Pop Ambient 2010
Like Christmas, the Pop Ambient series from the Cologne-based label Kompakt label comes around once a year. And, like Christmas, the joy and warm sentiment one feels from its arrival is more than enough to make up for any ill-thought-out or repeat gifts. It’s just nice being with music that loves you.
The 10th installment in the series is a merry lot indeed. There’s a very high quality ratio here, which is all the more impressive given that the cast of characters are a host of familiar (and also rapidly aging) faces. Thomas Fehlmann, The Orb, and Pop Ambient demiurge/Kompakt co-founder Wolfgang Voigt have all been making music for well on 20 years now, but it is Voigt whose shadow much of the work in the series seems to be standing in the shadow of. Voigt’s 2000 album as Gas, titled Pop, sought to seek a bridge across the lacuna formed between ambient, which had disintegrated by that point into near obsolescence through its disintegration of all form and tonal color, and pop. In a sense, the Pop Ambient discs are an extension of that project, as well as a catalogue of trends and approaches from within the ambient scene.
Yet, Pop Ambient 2010 offers only one newcomer into the fold, the rightly celebrated Brock Van Wey (also known as Bvdub), whose two superb releases from 2009, White Clouds Drift On and On and We Were the Sun were among the year’s very best. Van Wey has a style that can only justly be described as Sirkian. He is unafraid of powerful emotional melodrama rendered in lushly washed-out strings and ethereal sirenic chants, which places him in an uncomfortably close proximity to new age piddle. Yet, if there is chakra involved, it’s just a lighting effect. The yoga’s a breathing exercise to slow your heartbeat to Van Wey’s rhythms and the mandalas are so intensely gorgeous that you are utterly entranced for whatever ridiculous length of time any given tune is. Also, unlike new age and much ambient music, Van Wey’s music is not meant to soothe. Contra to this, it can actually be intense.
All 17 minutes of We Were the Sun’s "Will You Know Where to Find Me" feature at the end of Pop Ambient 2010 and, though it’s a replay of a prior work, it’s the album’s finest moment. This is not a condemnation though, because the track’s in good company. Voigt’s own "Zither Und Horn" is a highlight. Its uncharacteristically lazy pastoral strumming and warm atmospherics recall a combination of Cluster’s music box lyricism on Soweisoso and a drunken take on the aquatic country twang of Brian Eno’s "Deep Blue Day".

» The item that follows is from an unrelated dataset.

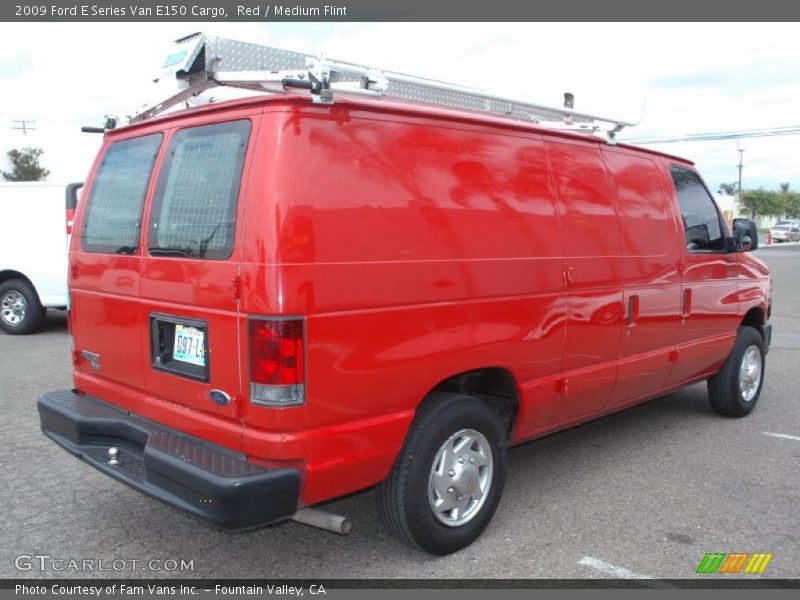 Red / Medium Flint 2009 Ford E Series Van E150 Cargo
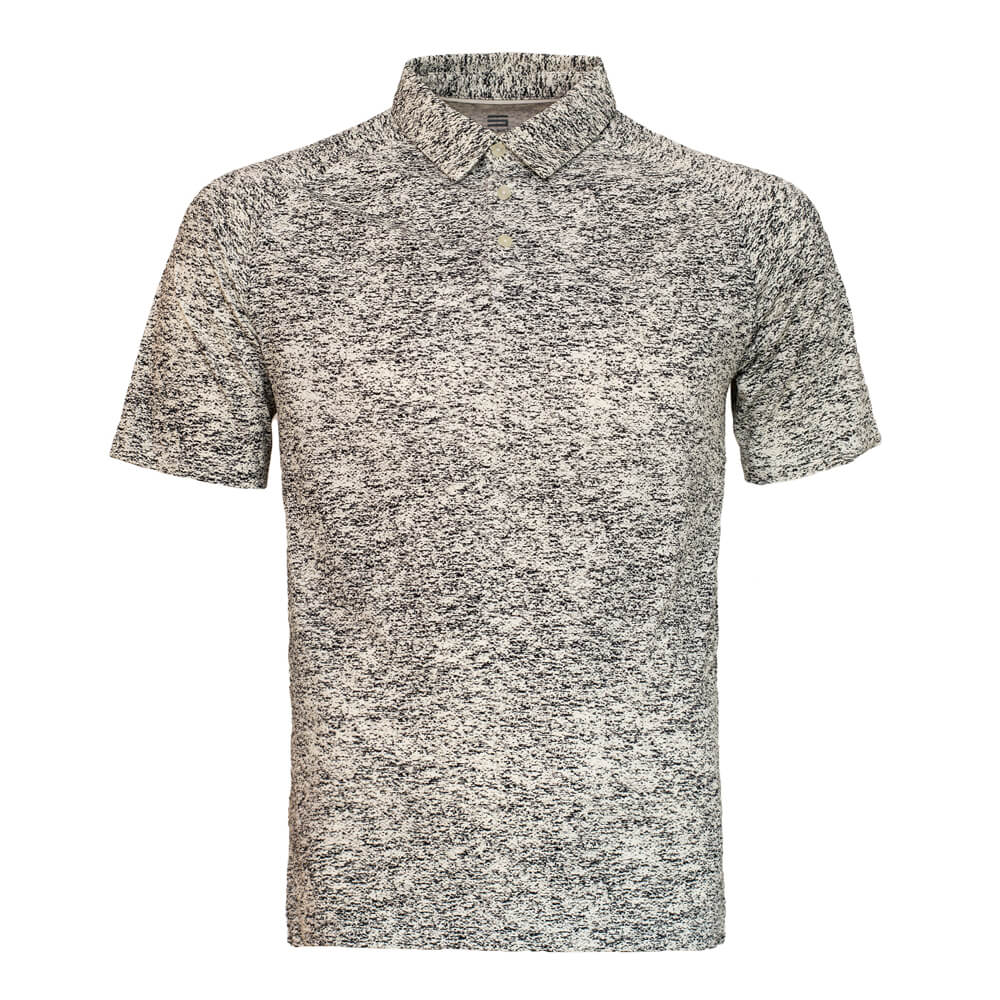 THREE66 Fancy Abstract Shirt - Heather/Grey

Though Voigt’s influence is immeasurable, a surprise stimulus recurs in the form of Slowdive’s 15-year-old Pygmalion, whose vital alterity and droney dubless aerations can be traced in Bvdub’s "Lest We Forget", Mikkel Metal’s "Blue Items", and, shockingly enough, The Orb’s "Glen Coe". The rest of the tracks do well embracing their own bright flutters and twitchy hums, all while fitting into the album’s gelatinous anti-arch.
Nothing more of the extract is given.